Sem grandes emoções, pesquisas de boca de urna no Uruguai indicam que o pequeno vizinho brasileiro de 3,4 milhões de habitantes irá a segundo turno daqui a um mês entre Yamandú Orsi (Frente Ampla —coalizão de esquerda e centro-esquerda) e Álvaro Delgado (Partido Nacional —de centro-direita e governista).

Três dos principais institutos de pesquisa do país mostram o esquerdista com média de 40% de apoio, ante cerca de 28% do governismo. Quase 90% dos eleitores compareceram, informou a Corte Eleitoral quando as urnas fecharam, às 19h30.

Ao saírem rindo do centro de votação na Prefeitura de Montevidéu, os irmãos Sorrentino brincam: “Não, não viemos votar para a Presidência, viemos votar para o Congresso, é o que importa agora”, diz Paula, 50, docente universitária em Rivera, na fronteira com o Brasil.

Eles, claro, votaram para presidente. Mas com essa fala querem dizer que o que mais pesa neste primeiro turno é qual força política ganhará a maioria no Congresso. Como o presidente tem poucos mecanismos constitucionais para tomar decisões sozinho, quem conseguir maioria no Senado e na Câmara sai na dianteira para o segundo turno.

A porcentagem de votos pesa, é claro, mas muito mais está em jogo. O apoio obtido por Orsi nesta primeira rodada já reúne todos os braços da Frente Ampla, essa aliança de partidos mais e menos radicais que foi se moderando nas últimas décadas. Não é o caso de Delgado.

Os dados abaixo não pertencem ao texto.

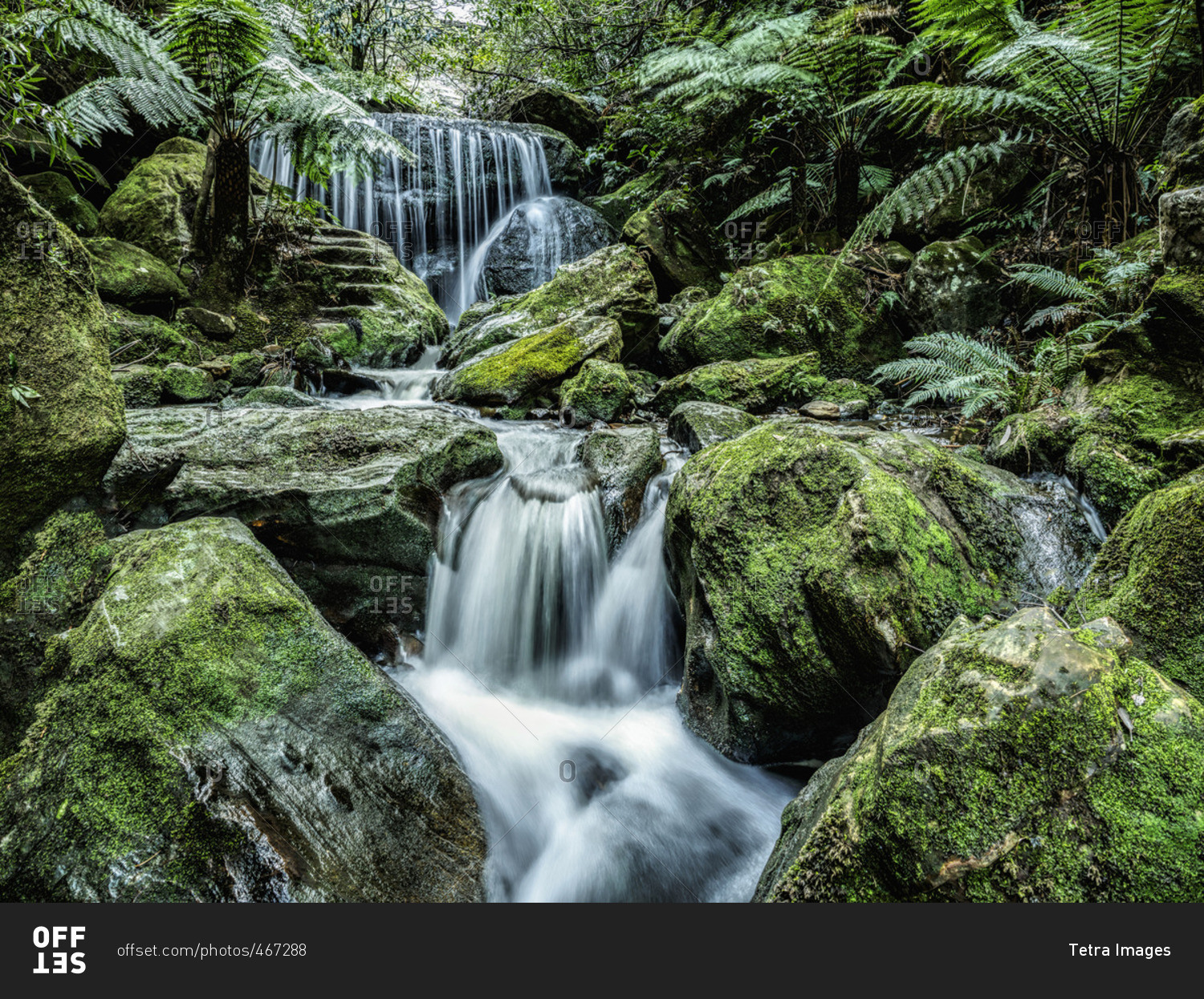 Australia, New South Wales, Katoomba, Leura Cascade in forest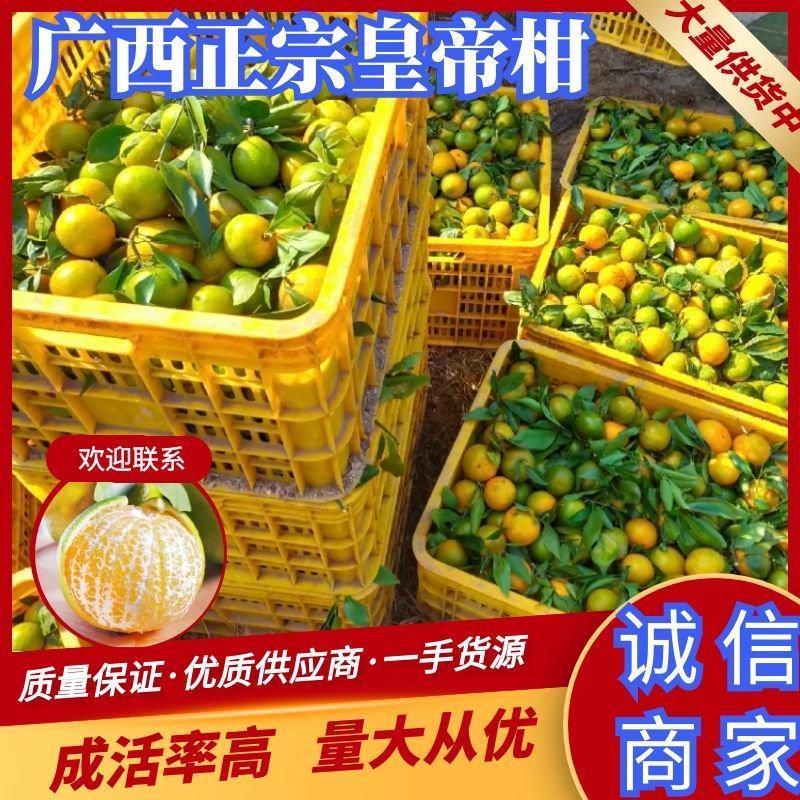 广西正宗皇帝柑一手货源纯甜多汁产地直供量大从优
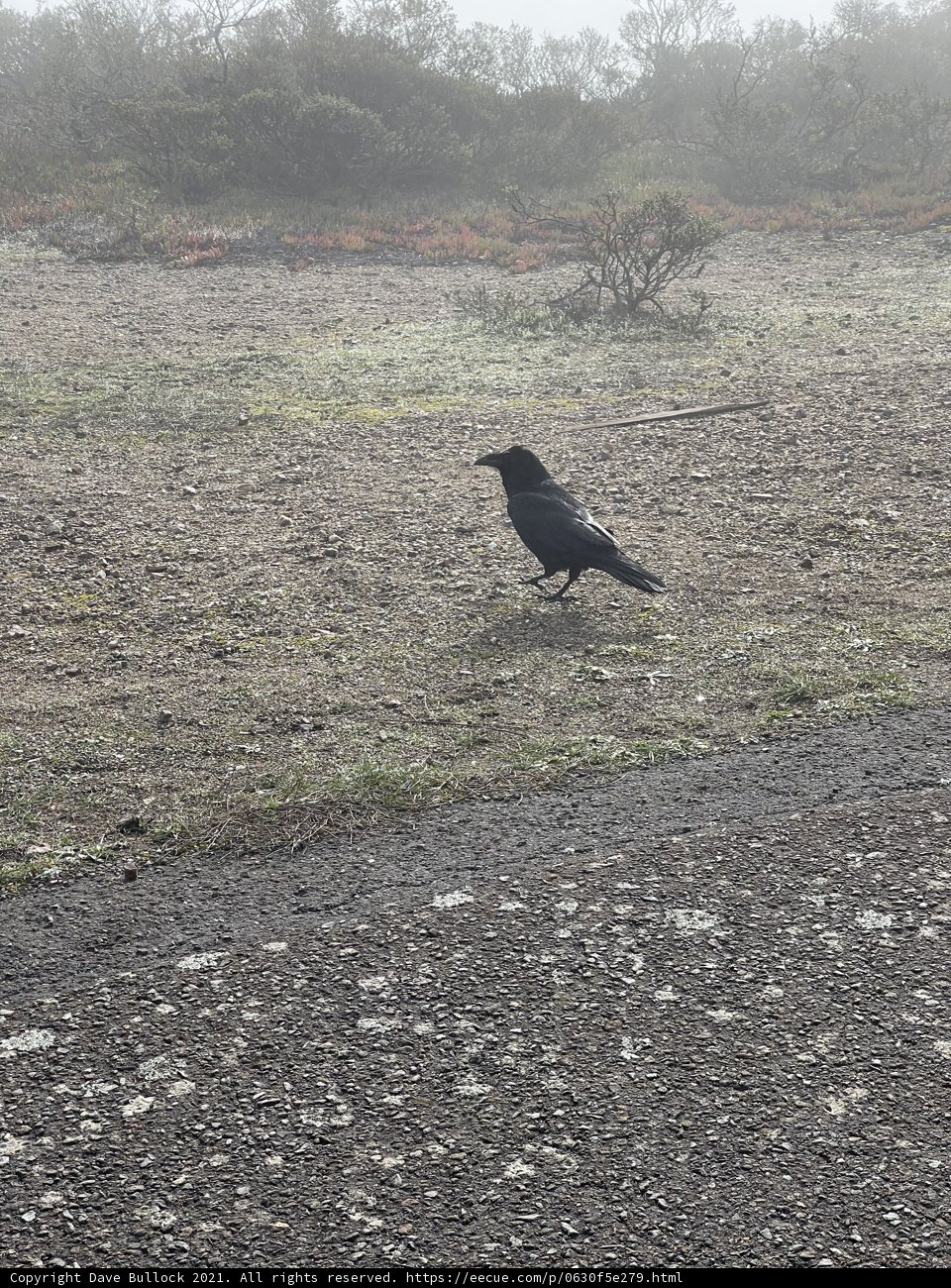 Lone Raven on the Road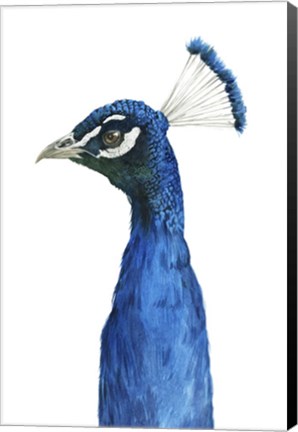 Framed Peacock Portrait II Print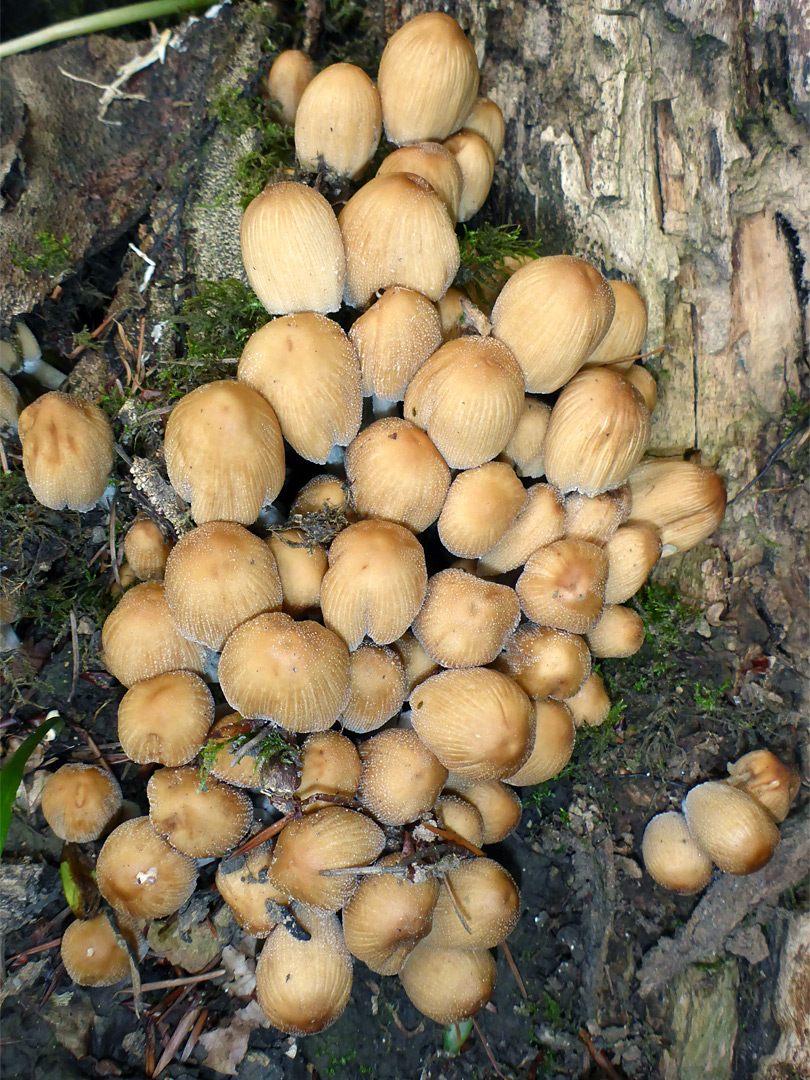 Glistening inkcap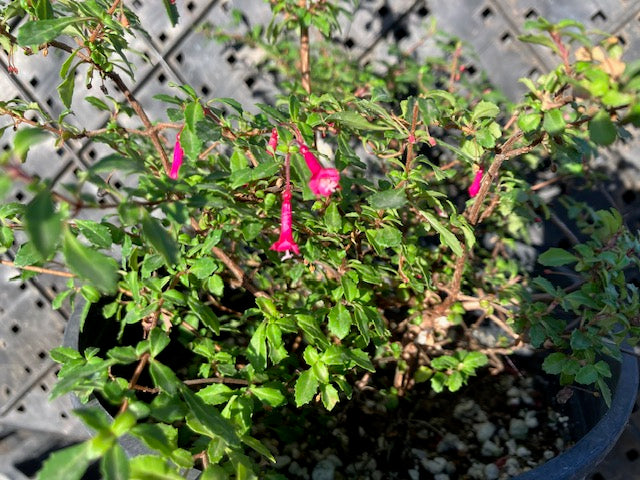 Fuchsia encliandra - Lottie Hobbie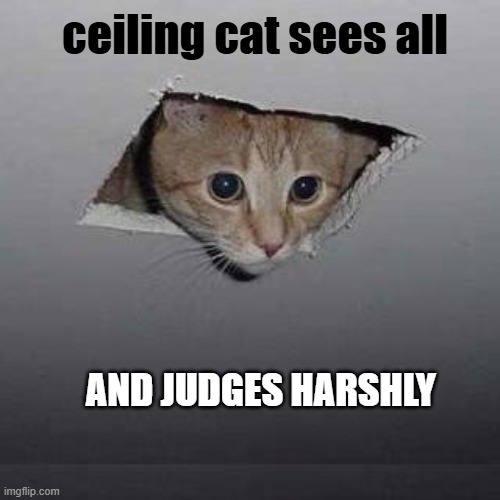 ceiling cat will judge | ceiling cat sees all; AND JUDGES HARSHLY | image tagged in memes,ceiling cat | made w/ Imgflip meme maker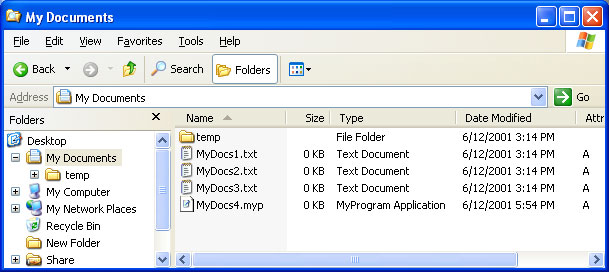 capture d’écran de l’Explorateur Windows en mode Détails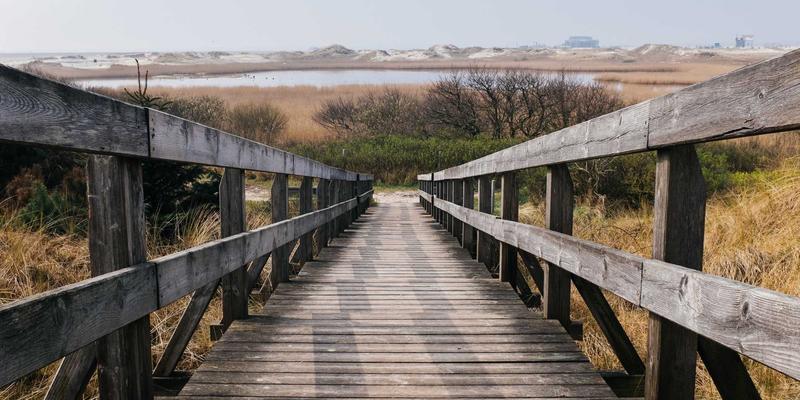 从入门到精通：美发造型师14的进阶之路——剪发技术与造型课程全解析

Aos votos que obteve neste primeiro turno, ele tende a somar para o segundo os votos de outras legendas importantes, a principal delas o Partido Colorado, que com o advogado Andrés Ojeda chamou atenção ao crescer nas pesquisas, mas não conseguiu ir ao segundo turno. Ou seja, Delgado e Orsi estão muito próximos em termos numéricos.

Os irmãos Sorrentino votaram diferente. Enquanto Paula votou pela continuidade do Partido Nacional, Fabrizio, 43, contador, votou por uma outra sigla da oposição, que prefere não falar. Os dois coincidiram em outros dois votos que o eleitor tinha que dar neste domingo.

Eles não apoiaram o plebiscito chamado pelo setor sindical para mudar as regras de aposentadoria, mas, por outro lado, apoiaram o plebiscito chamado pelo governo para aumentar o poder policial de realizar invasões a residências para combater a insegurança.

As duas propostas não receberam apoio suficiente, ainda segundo as projeções de boca de urna. Elas eram sintomas de um país que vê na estagnação e no envelhecimento de sua população e no avanço do narcotráfico duas questões latentes e desafiantes para as quais nenhum governo até aqui apresentou soluções.

O projeto de Previdência propunha escrever na Constituição que a idade mínima de aposentaria após 30 anos de aportes seria de 60 anos, e não mais 65, como uma reforma do governo de Luis Lacalle Pou estabeleceu. Propunha ainda acabar com os fundos privados de aposentadoria e igualar o valor mínimo da pensão ao do salário mínimo.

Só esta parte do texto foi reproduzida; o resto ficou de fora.